The stock has become increasingly popular throughout the year due to pipeline developments (particularly with their chemotherapy supplement ZALTRAP/ziv-aflibercept for patients with colorectal cancer) and the sales growth of their marketed product EYLEA (aflibercept) in the treatment of wet AMD. Wet AMD (or wet age-related macular degeneration) affects about 10% of the total AMD population - about 15 million patients in the United States alone. The disease is caused by the expansion of blood vessels in the retina into the macula, which causes the vessels to become weak and "leaky." Wet AMD patients can have severely impaired vision and even blind spots as the condition worsens.

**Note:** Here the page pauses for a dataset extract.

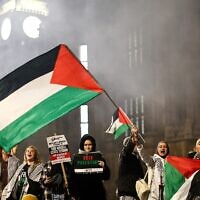 Protesters hold placards and flags and chant slogans at a rally in support of Palestinians and against Israel, outside of the Houses of Parliament in central London on November 15, 2023. (Henry Nicholls/ AFP)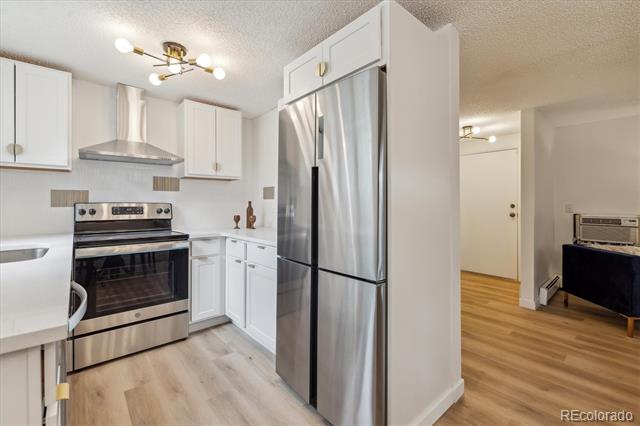 Kitchen with white cabinets and stainless steel appliances, opening to a living area.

Since the start of the year, shares of REGN have moved up about 190%, meaning that investors who bought in early January would have tripled their initial investment in the company at this point. Going back to a two-year frame, we see ROI jump to over 550%. How did Regeneron generate such enormous returns in such a short timeframe, and how did it end up at a market cap of $15.5 billion so soon? Keep in mind that Regeneron was basically a "failure" of a biotech company for two decades prior to this big reversal in fortune.
One the major reasons that Regeneron has become such a success is because of the underestimation of EYLEA by Wall Street analysts, who had projections for the drug's sales growth around November 2011 (when EYLEA was finally FDA approved for the treatment of Wet AMD) that were beaten by the actual sales growth of EYLEA. EYLEA has been so successful that Regeneron is expecting full-year sales revenue of $790-815 million, which is an impressive figure given that the treatment has been available for less than a year. The treatment is marketed outside of the United States by Bayer, which has given Regeneron very favorable arrangements which allow for substantial milestone payments and rights to the US market for REGN.
In evaluation of their investment, Regeneron shareholders should be particularly focused on the projected growth of EYLEA and how important it is to the valuation of shares of REGN. Last quarter (Q3 2012) the company posted $244 million in EYLEA sales, which was a 26% increase relative to the last quarter. Double-digit revenue growth per quarter isn't truly sustainable in the long run, but does justify the stock's seemingly-expensive financial ratios for the time being. For instance, the super-high P/E ratio of 74.5 or the P/S ratio of 14 may make Regeneron seem expensive at a glance, but factoring in the extremely rapid growth of EYLEA sales you actually see a very inexpensive ticker. The market should also be factoring in Europe, since the CHMP (the European Committee for Medicinal Products for Human Use) recommended approval to the EMA (European Medicines Agency), which makes final approval likely close to the end of this year or soon after.
Investors who are considering REGN should also factor in the company's new cancer therapy supplement ZALTRAP, which was approved by the FDA in August of this year under priority review. Created collaboration with the French pharmaceutical giant Sanofi (more specifically with their subsidy Aventis, which was acquired by Sanofi), ZALTRAP is a treatment that is used in conjunction with the chemotherapeutic agent FOLFIRI in patients with metastatic colorecal cancer who have already received an oxaliplatin-containing regimen. Sales in the United States were very limited so far (only $8 million in Q3), but the market is expecting the number to explode in coming quarters in the same fashion as EYLEA due to the benefits of the partnership with Sanofi. ZALTRAP is also expected to progress smoothly to the European market due to a very positive opinion from CHMP, which should pave the way for another approval by the European Medicines Agency.
So while Regeneron stock may seem a bit bloated given its historic returns and its enormous market capitalization of $15.5 billion, it has the financial support of two high-growth drugs that will be seeing incredibly fast sales growth in the next few years, which are also benefiting from the collaboration of the two pharmaceutical giants Bayer and Sanofi. The implication is that any investors considering a stake in REGN should be almost exclusively focused on the sales growth, since these drugs have already passed their clinical trial hurdles and are now reaping the benefits of the lengthy wait for their approval. Other drugs in Regeneron's pipeline should also be considered, although they will play a smaller role given the size of the company at this point.